Dans une démarche présentée comme un renforcement de la lutte contre l’impunité, le Commissaire du gouvernement, Me Frantz Monclair, a informé cette semaine avoir adressé des correspondances à deux institutions clés dans le combat contre la corruption et le blanchiment de capitaux en Haïti : l’Unité de lutte contre la corruption (ULCC) et l’Unité centrale de renseignements financiers (UCREF). L’objectif affiché est l’ouverture d’une enquête financière ciblant les personnes sanctionnées par les Nations Unies pour leur implication présumée dans la violence armée qui ronge la capitale, ainsi que leurs éventuels complices.
La liste de sept personnes visées par les sanctions de l’ONU comprend des figures bien connues dans l’univers criminel haïtien. On y retrouve notamment l’ancien député Victor Prophane, aujourd’hui écroué, suspecté d’avoir joué un rôle actif dans l’organisation, le financement et l’armement de groupes armés. À ses côtés figurent six chefs de gangs tristement célèbres : Johnson “Izo” André du gang « 5 Second » basé à Village-de-Dieu, Jimmy “Barbecue” Chérizier de Delmas 6, dirigeant de la coalition « Viv Ansanm », Vitelhomme Innocent du gang « Kraze Baryè », Renel “Ti Lapli” Destina de Gran Ravin, Luckson Élan du gang Gran Grif, et Wilson Joseph alias “Lanmò 100 jou” à la tête des 400 Mawozo.
Selon Me Monclair, l’action publique sera activée non seulement contre ces individus – dont plusieurs échappent encore aux efforts de la police – mais aussi contre ceux qui, dans l’ombre, facilitent leurs opérations illicites : trafiquants d’armes, de drogue, et autres complices financiers. Il s’agit là d’un signal adressé aux sphères invisibles du pouvoir et du crime organisé, souvent soupçonnées de collusion.
Cette annonce relance également le débat autour d’une fameuse liste évoquée il y a quelques années par Jean Rebel Dorcénat, alors membre de la Commission nationale de désarmement, démantèlement et réinsertion (CNDDR), aujourd’hui dissoute. Ce dernier avait parlé publiquement d’un groupe de 11 familles influentes soupçonnées d’être impliquées dans le trafic d’armes. Pourtant, cette liste n’a jamais été rendue publique ni versée officiellement aux autorités compétentes, ce qui alimente les soupçons de protection en haut lieu.
Depuis la publication des sanctions de l’ONU, les banques commerciales haïtiennes ont pris des mesures de gel automatique des comptes liés aux personnes désignées, conformément aux standards internationaux en matière de lutte contre le blanchiment et le financement du terrorisme. Ce qui signifie que, dans les faits, certaines actions étaient déjà enclenchées bien avant cette sortie médiatique du Commissaire Monclair.

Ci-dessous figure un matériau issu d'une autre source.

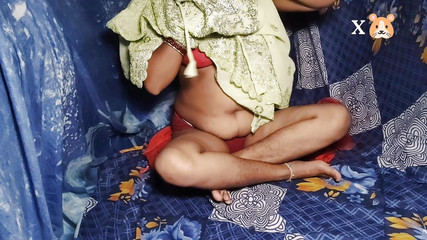 सौतेली बहन के लिए एक पोशाक लाना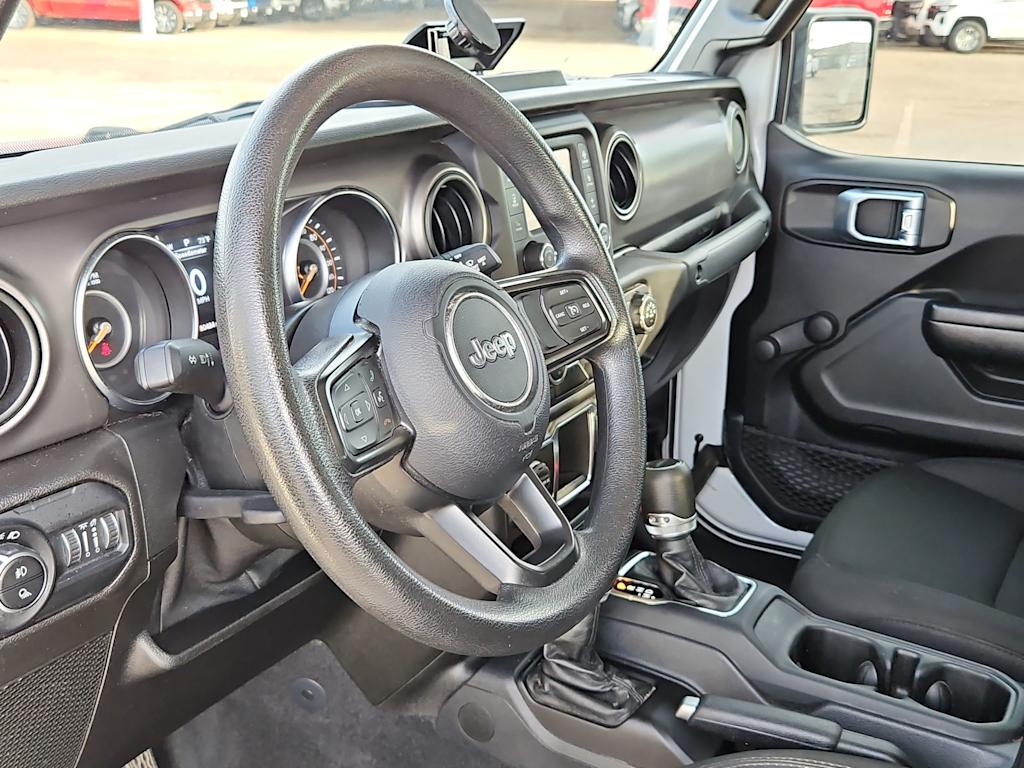 Thumbnail: 2021 Jeep Gladiator - 2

La conférence de presse de ce mardi prend néanmoins une dimension politique particulière. Loin d’être un simple rappel des faits, elle semble marquer une volonté de réaffirmer l’engagement de l’État – ou du moins d’en donner l’image – dans la traque des architectes et des financiers de la violence en Haïti. Une manœuvre saluée par certains, critiquée par d’autres, qui dénoncent un discours plus médiatique qu’opérationnel.
À ce jour, seule une arrestation a été effectuée : celle de l’ancien député Victor Prophane. Les autres, toujours en liberté, continuent de défier les institutions sécuritaires, dans un climat où la frontière entre justice, politique et protection reste floue.
L’évolution de cette enquête financière pourrait cependant en dire long sur la capacité réelle des autorités à s’attaquer aux structures économiques qui soutiennent les groupes armés, et surtout à briser les réseaux d’impunité qui les entourent depuis trop longtemps.